Exertion + Rest + Food = Energy

When I first started my fight I noticed an interesting cycle form.  I found that exertion with rest and food helped me to conserve as well as build my bodies energy, thus helping me to cope with fatigue.  I also noticed that one or two without the other had the opposite effect.  For example, if I exert and rest but not eat I start to get tired because my fuel reserves are gone.  If I rest and eat, but don’t exert my body I start to feel stiff and lethargic.  I need to move!  If I eat and exert without rest I will run out of energy altogether.  This is why to me exercise is so important as well as a good nutritional diet.

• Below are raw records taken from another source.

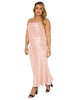 Drea Cowlneck Satin Midi Slip Dress - thumbnail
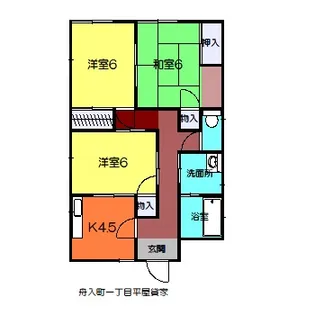 新潟県新発田市舟入町1【一戸建】の間取り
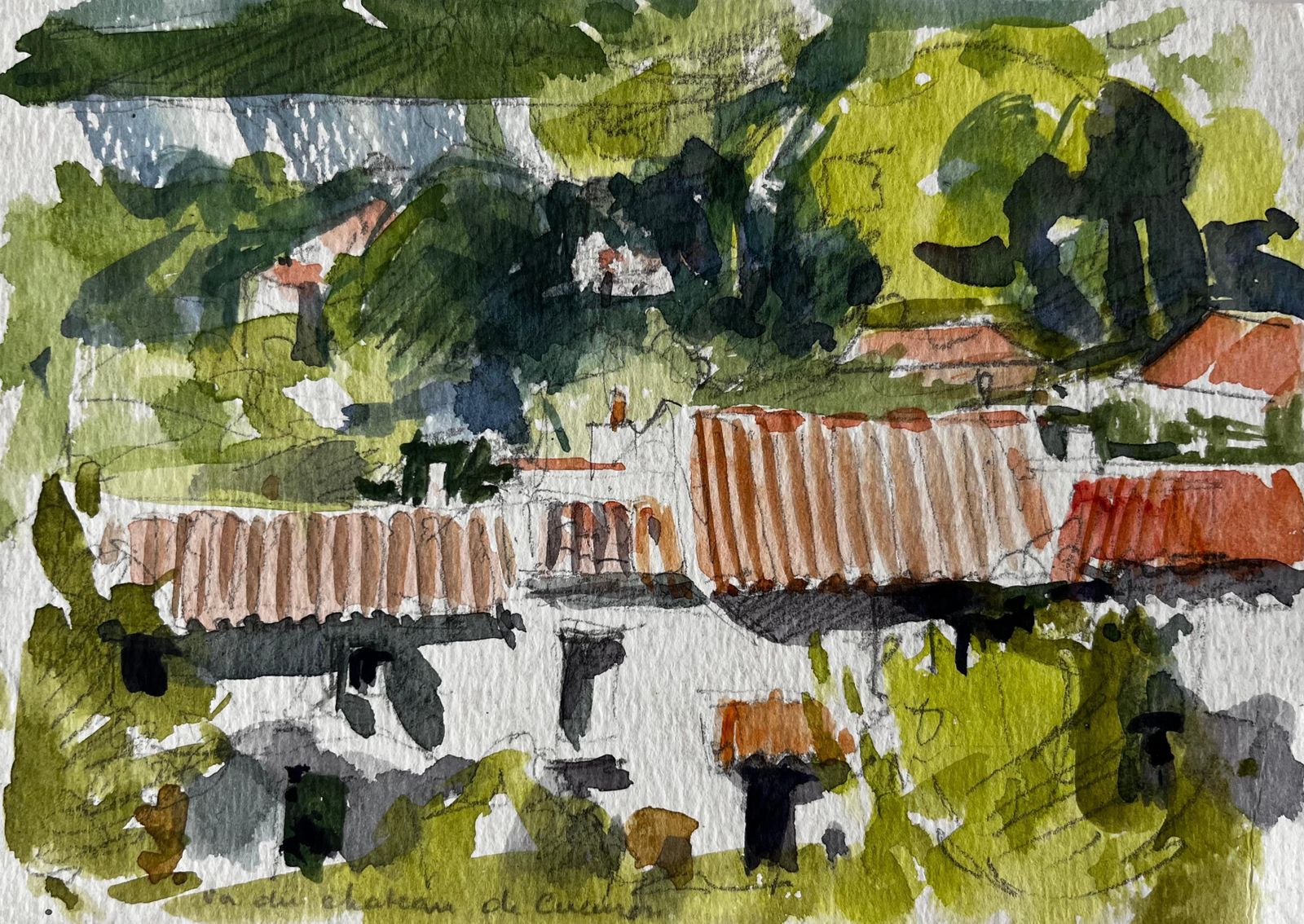 Pierre Neveucountryside Houses Near Château De Culinon French Landscape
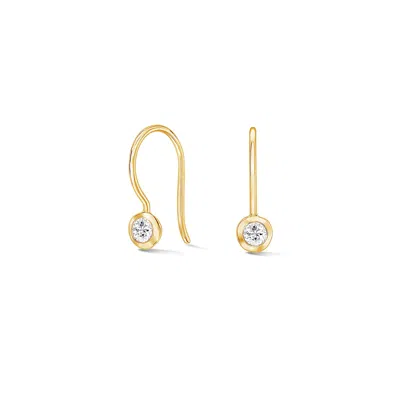 Dower & Hall White Sapphire Dewdrop Earrings In Gold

I also believe that it’s vital to try and get eight hours of sleep a night during the week and nine on the weekends.  I still work a job during the week so sleep is really important.  Sleep is also one of the best ways to heal your body.  Just make sure if you can’t eat when you get up at least have lots of water.  I try and drink about one gallon of water a day and I seem to drink about half of that in the morning.  I have to remember that when I wake I’ve basically fasted for the entire 7-9 hours I’ve slept as well about an hour before I’ve gone to bed.  The body needs some type of nourishment as soon as you wake up or you’ll sink fast.

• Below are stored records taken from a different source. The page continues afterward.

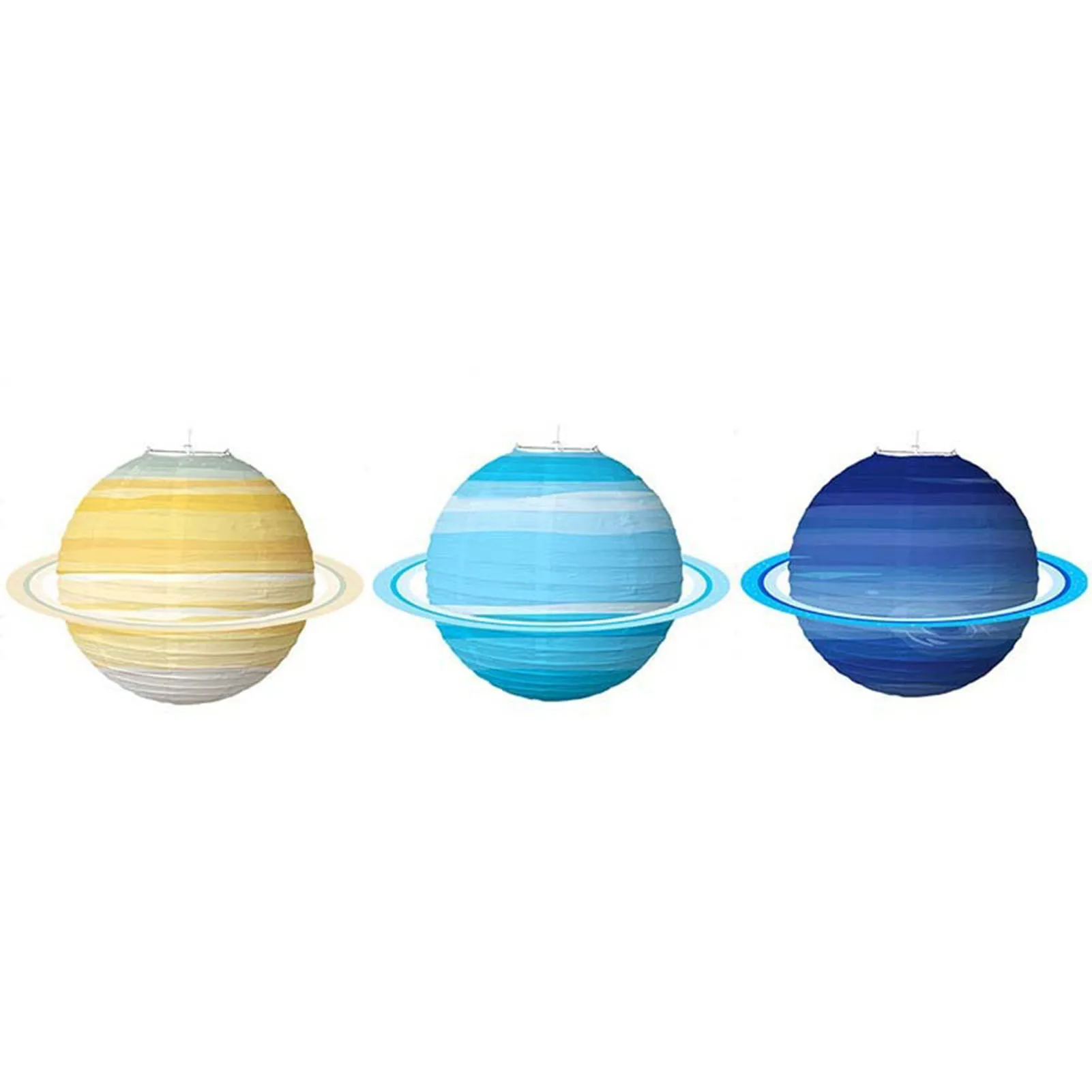 8pcs 3D Paper Planet Lanterns 12" Out of This World Space Lanterns Ornaments for Kids Space Theme Party Decorations 
8pcs 3D Paper Planet Lanterns 12" Out of This World Space Lanterns Ornaments for Kids Space Theme Party Decorations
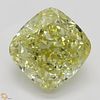 2.45 ct, Natural Fancy Deep Yellow Even Color, VS1, Cushion cut Diamond (GIA Graded), Appraised Value: $74,200 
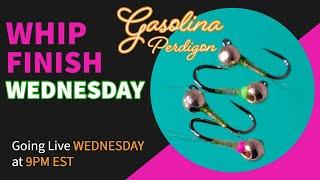 How To Fly Tying: Gasolina Perdigon---Live on Whip Finish Wednesday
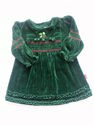 Le Top Green Velour Christmas Holiday Dress  sz 12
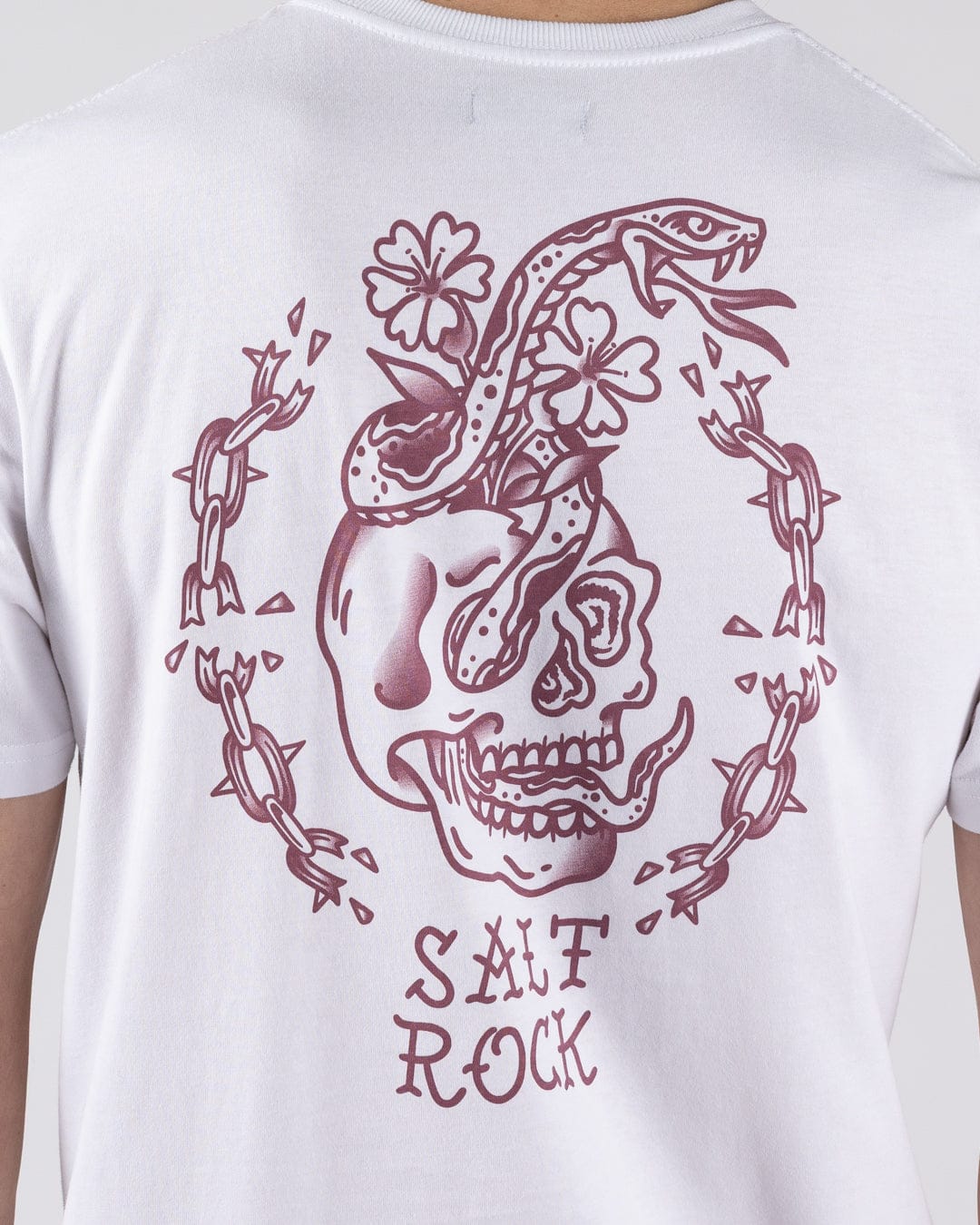 Yesterdays Youth - Mens Oversized Short Sleeve T-Shirt - White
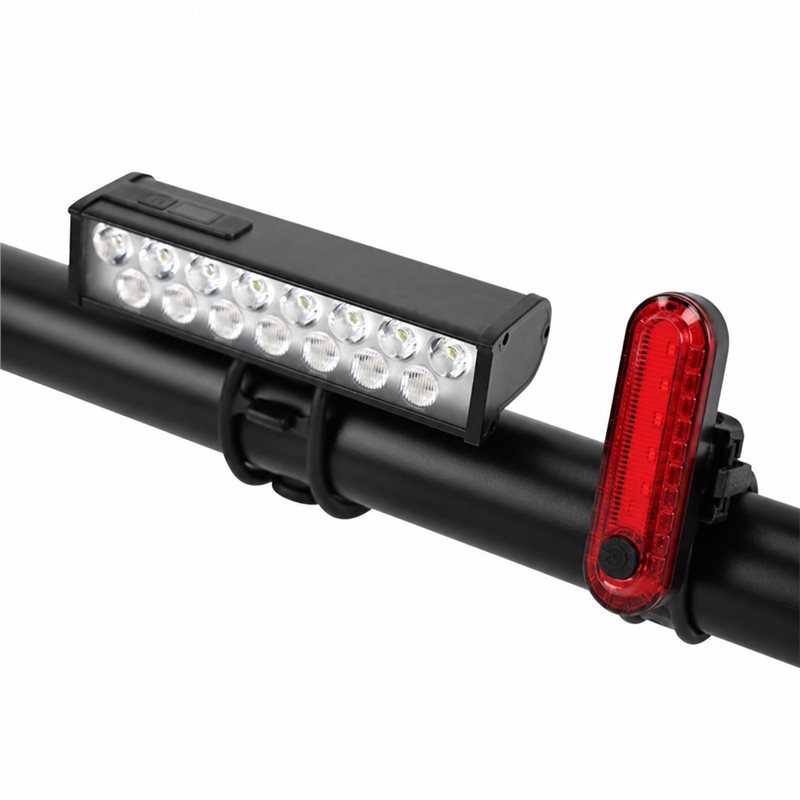 Bike Headlight 2000 Lumens Rechargeable - Conjunto de luzes para bicicleta b48b,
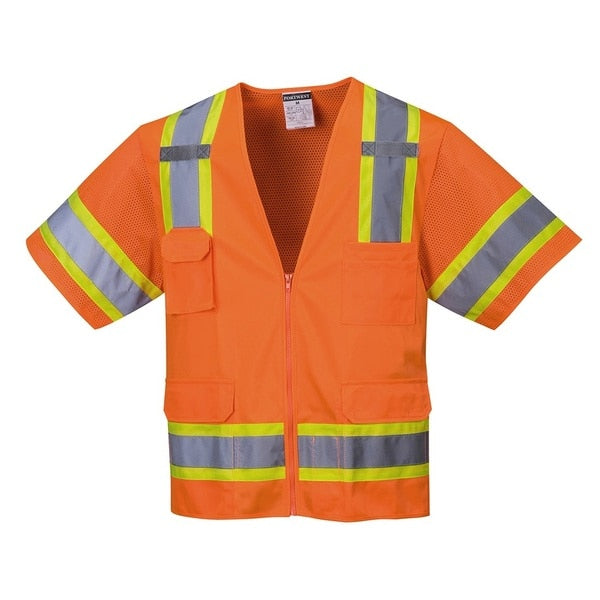 Aurora Sleeved Hi-Vis Vest, XL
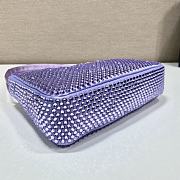 Prada Hobo re-edition with crystals in Purple 23x13x5cm - 5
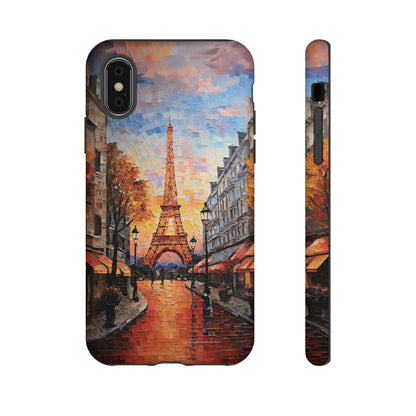 Paris France Eiffel Tower Sunset Mosaic Tile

Since my ALS was sporadic limb onset in my left foot I can’t speak to the bulbar type onset that affects speaking or eating.  So the suggestions above might not be viable for others.

 

 

Medical Science vs. Naturopathy — The True Continental Divide

When I started my fight I never knew my search for information would lead me to such divided camps concerning this and may other illnesses.  Or for that matter two camps with such disdain for the other.  When you ask a doctor about a holistic protocol you’re trying out and you get comments like “snake oil” and “anecdotal” as to his opinion you start to sense the medical bias and arrogance that goes along with the medical field of study.  Even in my own fight I’ve seen first hand the condescension between a clinical dietician and the nutritionist I consult with.  The truly crazy thing is all of the licensed naturopaths that I’ve sought and read about all have advanced medical degrees as well as degrees in their own field of study.  Many had left their traditional medical practices feeling let down by medicine and it’s preoccupation with chemical solutions and the sway of “big pharma”.  Not to sound like a conspiracy theorist, but the subject of pharmaceutical companies and their influence on the medical profession and treatment plans is not something I take lightly or like discussing much.  But to discount holistic medicine, treatments and curals that have been past down for centuries in place of a chemical one, is just narrow minded to me.

My own belief is chemicals (something man made) shouldn’t be used unless absolutely necessary and that our bodies are designed by God to heal.  Vitamins, supplements, diet, exercise are all important to the body and help to replenish what it’s missing.  My body doesn’t produce chemicals so why should I think it needs a chemical to fix something it might be deficient in.